Struttura di fondazione

La fondazione svolge il compito di trasmettere al terreno in modo uniforme il peso dell’edificio


evitando che esso sprofondi, proprio per questo bisogna valutare il terreno quando si progettano
delle fondazioni.
I requisiti di una fondazione devono essere resistenza e stabilità. Tra struttura portante di
elevazione, struttura di fondazione e il terreno esiste un rapporto di interazione di tipo
sistematico.
La struttura di fondazione è sottoposta a numerosi carichi:

 Carichi permanenti dovuti dalla struttura del sistema edilizio;


 Carichi dovuti dalla presenza di acqua e neve sulle coperture;
 Carichi orizzontali dovuti dall’azione del vento;
 Carichi orizzontali dovuti dalle scosse sismiche;
 Carichi dovuti dallo spostamento delle persone ed oggetti.

Tipi di suolo
 Terreni a grana grossa:
1. Pietre
2. Ghiaie
3. Sabbie
 Terreni a grana fine:
1. Limi
2. Argille
3. Terreni torbosi e fanghi (terreni ad alto contenuto organico)
Se il terreno è insoddisfacente bisogna procedere al consolidamento del terreno prima di
realizzare le fondazioni. Le principali strategie di intervento sono:

 Compressione meccanica;
 Iniezione in profondità di materiale cementante o di altro componente chimico;
 Impiego di palificate di costipamento;
 Ricorso a rilevati di sabbia;
 Impiego di vibrazioni.

Classificazione delle fondazioni (criteri)
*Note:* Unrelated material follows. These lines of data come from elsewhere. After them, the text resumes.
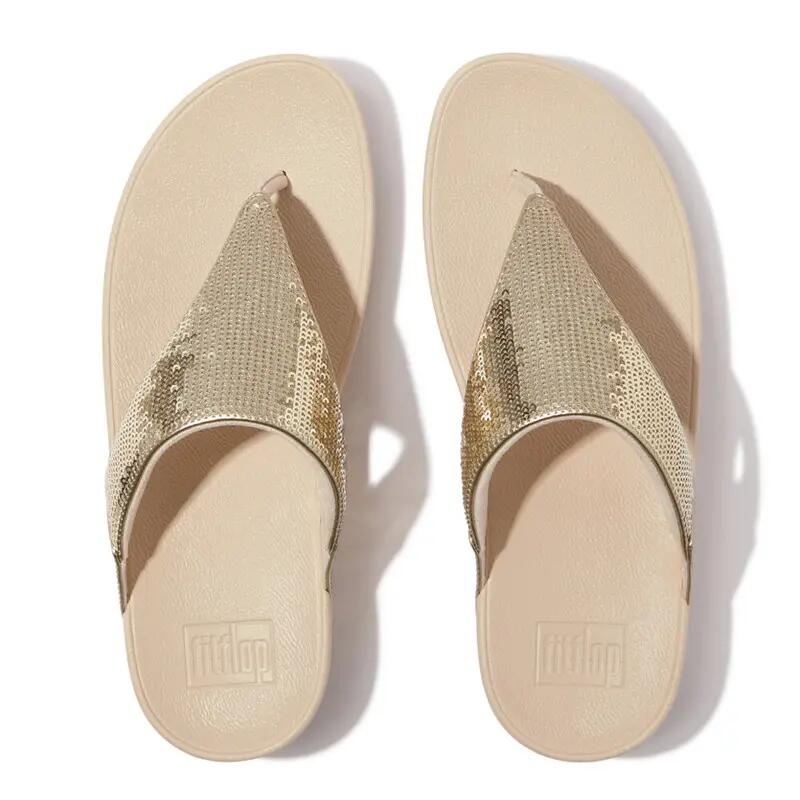 Fitflop Sandali da donna Lulu con paillettes, platino 3/3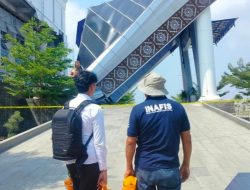 Tim Inafis Olah TKP Ambruknya Atap Teras Kantor Pemkab Brebes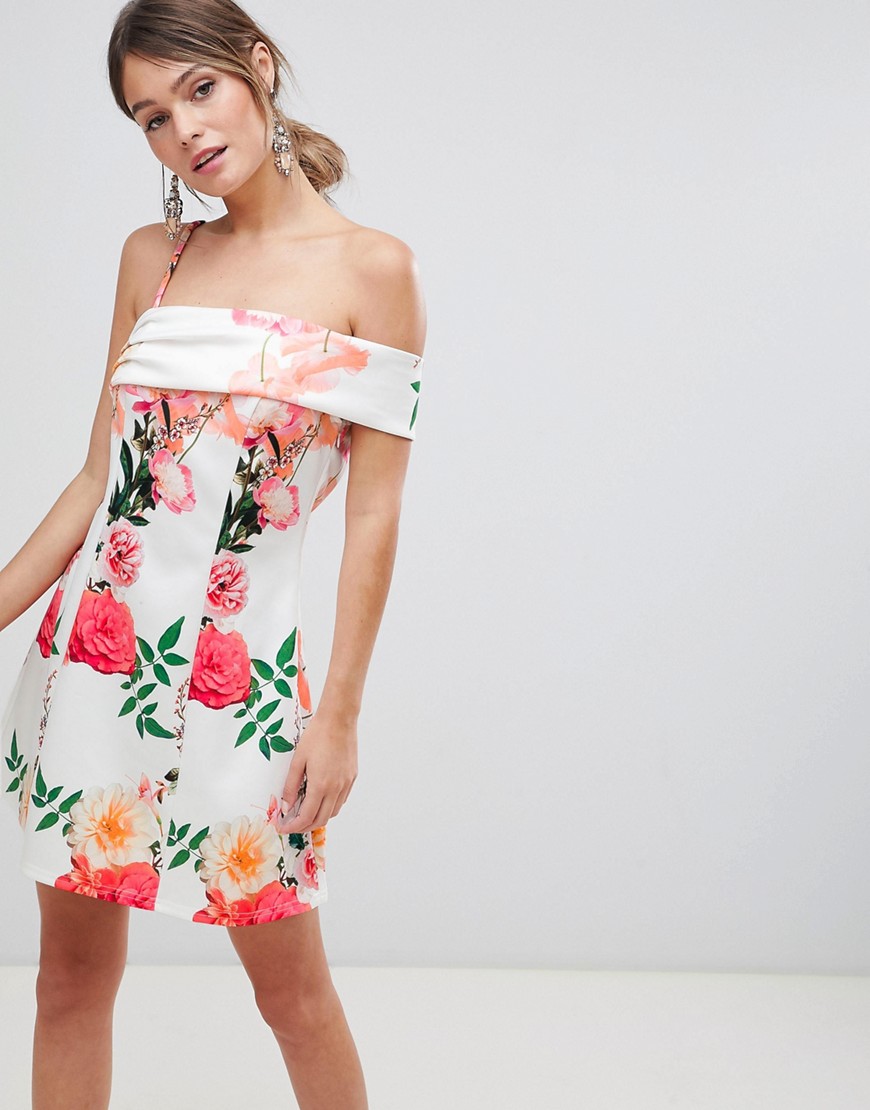 Asos Design Asymmetric Strap Floral A Line Mini Dress-multi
 Rispetto alla superficie di appoggio: continue o discontinue;
 Rispetto alla profondità: superficiali o profonde;
 Rispetto alla trasmissione del carico: dirette o indirette;
 Rispetto al tipo di reazione che il terreno oppone al carico: portanti o sospese.
Tipologia costruttiva
Fondazioni superficiali:

 Continue (cordoli, travi rovesce, muri)


 Discontinue (plinti)
Fondazioni profonde:

 Pozzi, pali

Fondazioni superficiali
Sono più economiche, non si estendono in profondità, bisogna avere gli
strati superficiali molto solidi per utilizzarle. Possono essere di tipo
continuo o discontinuo. Il plinto serve a sostenere il peso trasmesso
da un pilastro. Assume la forma del pilastro sovrastante.

Fondazioni profonde
Si utilizzano quando la portanza del terreno è modesta o quando i carichi trasmessi sono molto più
elevati. Tali fondazioni dette anche indirette possono essere su pali o pozzi. La differenza sta nel
diametro (d):
d pozzo > di d pali.
Le fondazioni di pali sono le più diffuse. Essi possono raggiungere una profondità compresa tra 6 e
20 cm. Queste fondazioni servono ad attraversare anche le parti più resistenti del terreno. In
alcuni casi può essere finalizzato a sfruttare l’attrito laterale tra palo e terreno.